[Stored records]
<<<<
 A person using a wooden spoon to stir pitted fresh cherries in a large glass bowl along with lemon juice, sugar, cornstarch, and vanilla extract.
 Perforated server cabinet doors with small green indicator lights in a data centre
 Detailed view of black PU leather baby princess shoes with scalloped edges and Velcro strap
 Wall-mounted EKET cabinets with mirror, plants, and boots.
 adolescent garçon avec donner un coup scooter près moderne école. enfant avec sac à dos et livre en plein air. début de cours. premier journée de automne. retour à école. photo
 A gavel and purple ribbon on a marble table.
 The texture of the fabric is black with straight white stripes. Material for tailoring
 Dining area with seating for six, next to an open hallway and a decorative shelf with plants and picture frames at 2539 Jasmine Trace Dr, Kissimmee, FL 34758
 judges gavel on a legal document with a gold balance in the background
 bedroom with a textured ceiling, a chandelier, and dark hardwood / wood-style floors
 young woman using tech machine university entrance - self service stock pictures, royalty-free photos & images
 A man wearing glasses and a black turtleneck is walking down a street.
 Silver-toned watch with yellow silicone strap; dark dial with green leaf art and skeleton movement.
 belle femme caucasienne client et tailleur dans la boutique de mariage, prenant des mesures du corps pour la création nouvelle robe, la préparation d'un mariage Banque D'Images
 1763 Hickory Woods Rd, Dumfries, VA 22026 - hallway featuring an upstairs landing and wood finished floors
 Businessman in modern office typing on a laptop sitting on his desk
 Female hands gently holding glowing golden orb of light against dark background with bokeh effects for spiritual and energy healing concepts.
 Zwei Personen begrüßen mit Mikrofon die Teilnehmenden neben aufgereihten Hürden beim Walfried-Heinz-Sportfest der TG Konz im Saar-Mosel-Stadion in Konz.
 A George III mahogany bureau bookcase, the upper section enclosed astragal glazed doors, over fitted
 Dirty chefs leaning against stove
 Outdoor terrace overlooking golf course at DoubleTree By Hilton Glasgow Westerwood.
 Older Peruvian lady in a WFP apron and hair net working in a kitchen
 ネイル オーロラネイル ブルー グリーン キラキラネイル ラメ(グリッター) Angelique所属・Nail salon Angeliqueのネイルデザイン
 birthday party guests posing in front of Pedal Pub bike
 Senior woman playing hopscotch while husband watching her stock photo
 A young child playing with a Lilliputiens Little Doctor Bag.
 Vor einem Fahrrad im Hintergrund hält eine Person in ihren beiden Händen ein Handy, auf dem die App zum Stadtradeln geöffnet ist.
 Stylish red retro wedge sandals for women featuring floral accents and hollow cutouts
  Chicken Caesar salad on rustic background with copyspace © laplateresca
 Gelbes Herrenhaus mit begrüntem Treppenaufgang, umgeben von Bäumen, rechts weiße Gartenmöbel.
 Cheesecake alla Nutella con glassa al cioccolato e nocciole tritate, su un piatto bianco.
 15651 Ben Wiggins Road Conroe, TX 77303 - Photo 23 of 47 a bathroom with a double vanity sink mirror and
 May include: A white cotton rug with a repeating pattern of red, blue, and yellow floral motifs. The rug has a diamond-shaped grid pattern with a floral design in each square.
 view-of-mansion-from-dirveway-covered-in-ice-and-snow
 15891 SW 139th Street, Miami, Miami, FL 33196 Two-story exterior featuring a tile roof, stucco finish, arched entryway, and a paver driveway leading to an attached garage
>>>>
- **WHAT YOU HAVE TO DO**
How many lines of the entries above include the word "green"? Reply with the number alone.

- **OUTPUT OF THE EXERCISE**
2